The Washington Nationals and Houston Astros will send Max Scherzer and Zack Greinke to the bump, respectively, in what will go down as a seminal moment in baseball history in Game 7. These moments always have a habit of bringing out the best in pitchers, and these eight forever etched their name in baseball lore with dominant Game 7 performances.
8. Babe Adams, 1909
Adams, who posted a 1.11 ERA as a rookie in 25 games, came to play in this series, winning three of its seven games. Adams capped his effort with a complete game shutout for the Pittsburgh Pirates in Game 7 of the 1909 series, which would be the last time the Ty Cobb would ever play in the Fall Classic. This has been lost to history to some degree, but Adams' performance that year is up there with anyone.
7. Mickey Lolich, 1968
Lolich's Detroit Tigers took on Bob Gibson in the middle of one of the most dominant seasons in baseball history, and they managed to come out on top. Lolich, pitching on two days rest in the climactic game, hurled a complete game against Gibson, allowing just one run while notching a home run of his own to propel the Tigers to a 4-1 win.
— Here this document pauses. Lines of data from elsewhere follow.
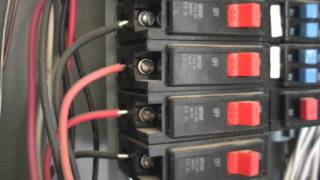 Aluminum wiring hazards Escondido home inspector [upl. by Stark485]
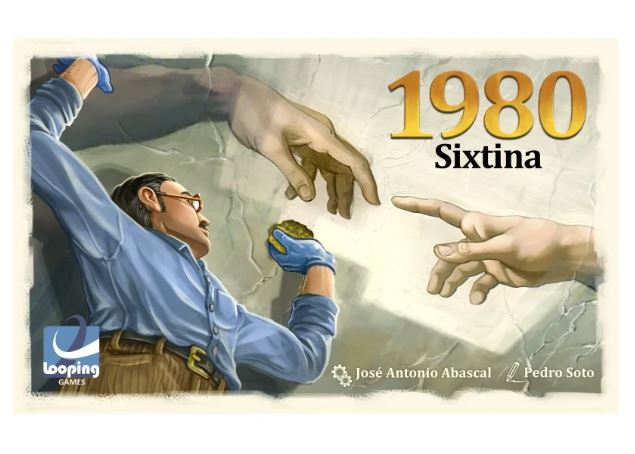 1980 SIXTINA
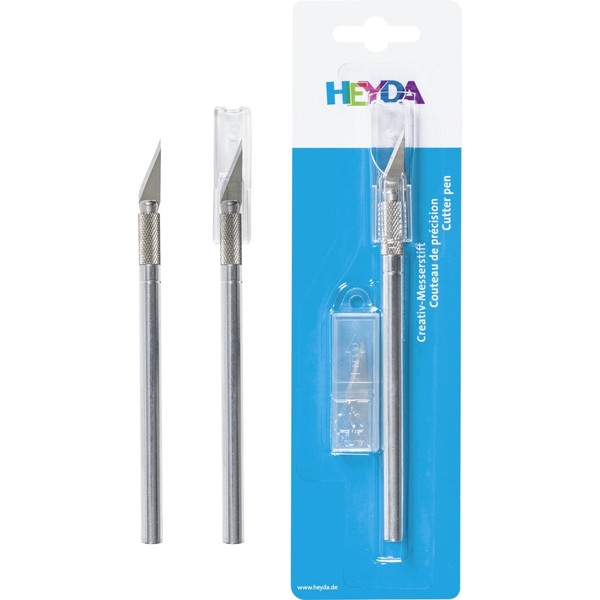 Baier & Schneider Heyda Creative Knife Pen 14.5 cm Assorted Pack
The Tigers have just one championship since Lolich's heroics in '68.
6. Lew Burdette, 1957
With Hall of Fame left-hander Warren Spahn sick with the flu, Burdette, who had thrown two complete games earlier in the series, came back and threw a shutout in Game 7. Burdette, who allowed seven hits while striking out three in his third win of the series, became the first pitcher since Christy Mathewson to throw two shutouts in the same World Series.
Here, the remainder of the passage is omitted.